Western Power Distribution (WPD), the distribution network operator for the Midlands, the South West and South Wales, is encouraging innovators to turn their ideas into reality by working with them in its 2021 Network Innovation Competition (NIC) call for ideas.
As part of the annual NIC scheme, run by the regulatory body Ofgem, electricity network companies are invited to compete for funding for the development and demonstration of new technologies, operating and commercial arrangements.
The call for ideas is open to companies, individuals, groups and projects that can support Western Power Distribution with future NIC schemes. This year, the power distribution company is particularly keen to receive applications from high-tech small and medium-sized enterprises, and to harness their entrepreneurial and innovative skills.

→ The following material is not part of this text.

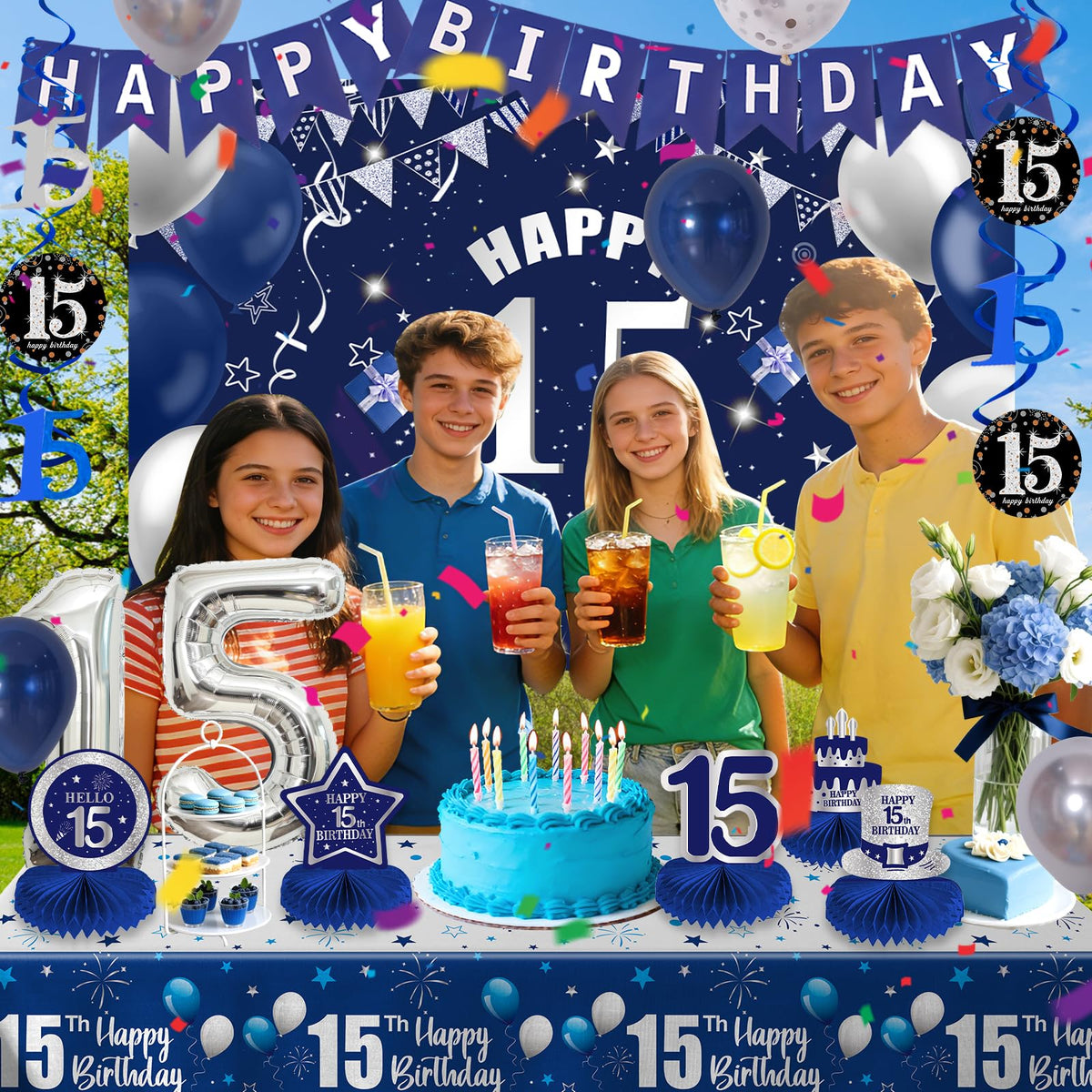 Pongime silver number 15 balloon showcases the milestone with shine.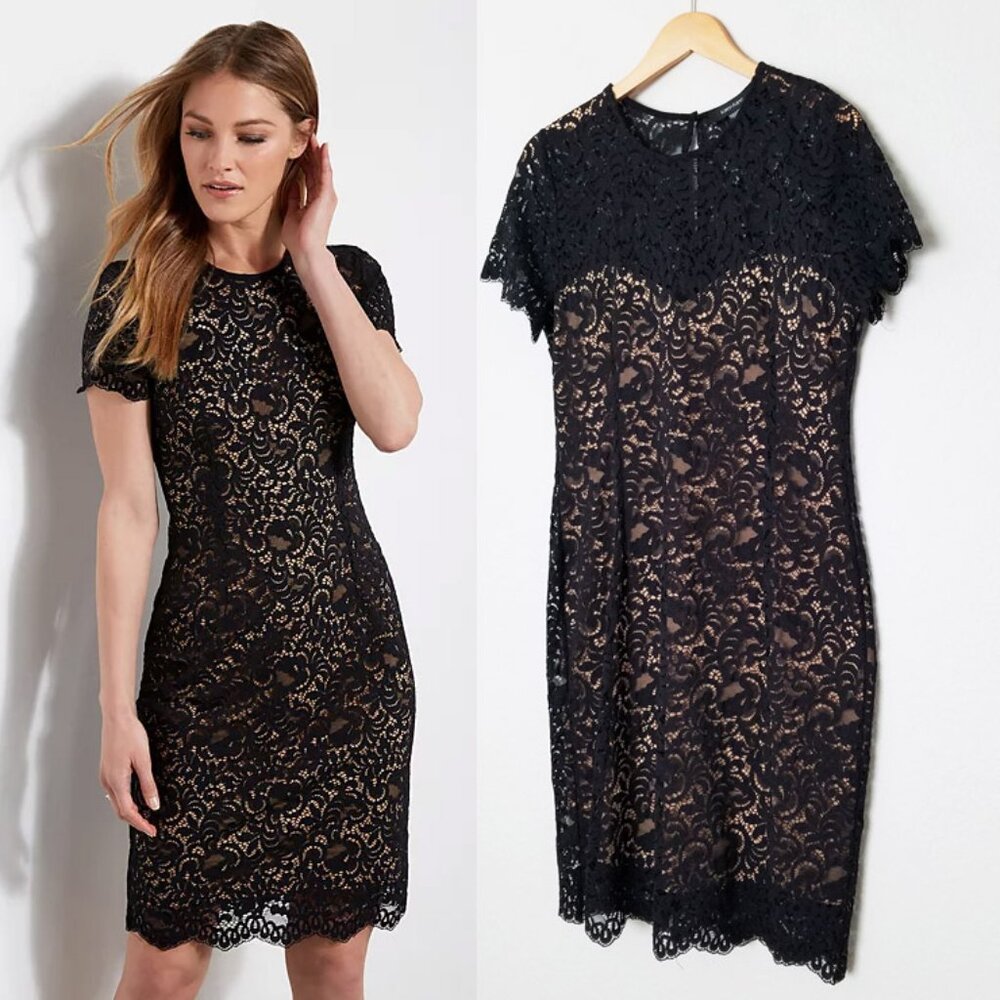 Karen Kane Paris Lace Dress XL Black Nude Overlay $139 Cocktail Wedding Party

Funding will be awarded to the best projects focusing on areas such as data usage in energy transition, electrification of heat, decarbonisation and the electrification of transport.
Successful applicants will get the opportunity to work with Western Power Distribution’s skilled engineers to develop their idea into a multi-million pound project. Typically, NIC projects run for three to four years, allowing enough time to design, develop, test and then trial solutions.
The WPD Innovation team is looking for projects to address problems such as using new or existing data to plan and operate networks more efficiently, how will the electrification of heat impact networks, how can local authorities best understand and act on the implications of local decarbonisation ambitions, and can additional network capacity be facilitated to support electric vehicle charging in constrained network areas?
Yiango Mavrocostanti, Innovation Team Manager at WPD, said: “In recent years, we have seen some exciting innovations emerge from NIC projects and are looking forward to seeing what proposals are put forward this year.
“As we continue to modernise the network and look to use new technologies such as Artificial Intelligence, it will become increasingly important to work with a wider range of partners outside of the traditional sector, harnessing different thinking and innovation.
“This is a fantastic opportunity for individuals, universities, groups and companies to demonstrate their innovative work and apply it to the modernisation of the network.
Previous WPD NIC projects include DC Share which was launched earlier this year. The project aims to deliver rapid EV charging in town centres without the need to upscale electricity infrastructure. A trial of DC Share will launch in Taunton next year and, if successful, could help deliver an estimated 217,000 electric vehicle chargers in urban spaces across WPD’s licence area by 2030. This would facilitate the charging of over 110,000 electric vehicles which are projected to be in use across the South West by 2023.